When a employee leaves our organization they are moved to an Inactive lifecycle state. One of our sources Microsoft Azure is treated a little differently, it is no deactivated like our other sources, it remains active so that the employees manager can access their email. But we are having trouble triggering a rule that will launch the powershell script to when the account moves to an Inactive state. Currently I can set it up to trigger when the account is modified, and then have the powershell script check what lifecycle state the user is in. But is there a better way to launch the rule when the account is moved to inactive but the source is not deactivated?
Hi @MGainer
Welcome to SailPoint Developer Community.
1. How about using AD source
- When user LCS moves to inactive, I guess you disable AD account, then you can trigger Powershell script for Azure stuff using Connector After Modify Rule.
2. With Azure AD Source
- Do you have any attribute like description in your Azure AD Source, if yes then you can set some value to it when user LCS becomes inactive.
- Create an Identity attribute Azure Description, Use Transform to set some value based on LCS.

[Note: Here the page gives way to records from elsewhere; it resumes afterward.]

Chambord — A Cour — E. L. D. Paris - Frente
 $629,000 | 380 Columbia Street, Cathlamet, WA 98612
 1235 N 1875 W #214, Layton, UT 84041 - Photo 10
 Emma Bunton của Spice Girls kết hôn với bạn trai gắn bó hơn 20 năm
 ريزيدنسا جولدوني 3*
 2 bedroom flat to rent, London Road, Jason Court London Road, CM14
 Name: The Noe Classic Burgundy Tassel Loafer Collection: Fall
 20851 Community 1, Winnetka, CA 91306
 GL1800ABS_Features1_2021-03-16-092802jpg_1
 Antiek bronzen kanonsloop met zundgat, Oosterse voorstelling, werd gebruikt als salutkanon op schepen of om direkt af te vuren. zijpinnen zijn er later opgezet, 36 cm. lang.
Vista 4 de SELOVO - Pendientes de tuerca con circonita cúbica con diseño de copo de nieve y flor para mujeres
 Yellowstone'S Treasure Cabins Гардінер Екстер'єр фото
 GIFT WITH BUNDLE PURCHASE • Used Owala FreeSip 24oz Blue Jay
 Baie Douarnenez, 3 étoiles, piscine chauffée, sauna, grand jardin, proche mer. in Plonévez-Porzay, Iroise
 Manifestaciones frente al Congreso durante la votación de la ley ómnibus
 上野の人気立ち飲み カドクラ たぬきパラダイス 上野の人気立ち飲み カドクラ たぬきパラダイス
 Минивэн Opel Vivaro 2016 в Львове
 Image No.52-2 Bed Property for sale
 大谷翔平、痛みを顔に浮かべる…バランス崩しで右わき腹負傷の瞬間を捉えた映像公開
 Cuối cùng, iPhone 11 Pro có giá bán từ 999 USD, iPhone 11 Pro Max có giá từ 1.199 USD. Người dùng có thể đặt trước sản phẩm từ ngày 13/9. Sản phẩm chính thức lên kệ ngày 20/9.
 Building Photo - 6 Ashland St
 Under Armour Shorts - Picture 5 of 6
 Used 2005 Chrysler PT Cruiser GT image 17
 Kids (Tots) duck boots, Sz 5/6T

- Use this Identity attribute in your Azure source
- This will enable you attribute sync
- Use Connector After modify Rule for your Azure source
– Krish
1 Like
Hi @KRM7,
What I was really looking for was another way to trigger a rule besides the Connector After Modify Rule. The Modify rule has its limitations for instance an account can be modified for various reason, so the script could be triggered when the user received additional access, or changed roles. When the account request is received can additional information be sent from Sailpoint to determine what type of modify request is being generated?
Yes, Connector After Modify Rule will trigger for all changes to user account.
- Connector After Modify Rule should not have any logic in it, it just triggers a PowerShell script in your IQ Service server.
- Your PowerShell script should have the logic
- You get the Account Request, check what are all the attribute requests
- If conditions are satisfied, execute whatever you need to
Apart from Native Rules, there is no other way. This is not the end.
Look at Privilege Task Automation (PTA), new feature announced couple of weeks back. need to see if we can trigger PowerShell scripts using PTA Workflows.
Hi @MGainer,
You can actually have a logic in your afterModify rule, to restrict it to invoke only for certain changes.
Here is something that you can try to update in your rule script.
#Call the client script
if ($requestAsString.contains('name="employeeStatus"')) {
#Call the client script
$command = -join ($command, " -requestString '$requestAsString'")
Invoke-Expression $command
}
I do something very similar but trigger on the request operation. I only run powershell if operation == enable for example. This significantly reduces the number of powershell scripts spawning during account modifies.
Hi Kirk,
Could you please provide your After above logic snippet you used in code. I am also working a logic where I need to trigger PS script only when operation = disable.
Thank you
This topic was automatically closed 60 days after the last reply. New replies are no longer allowed.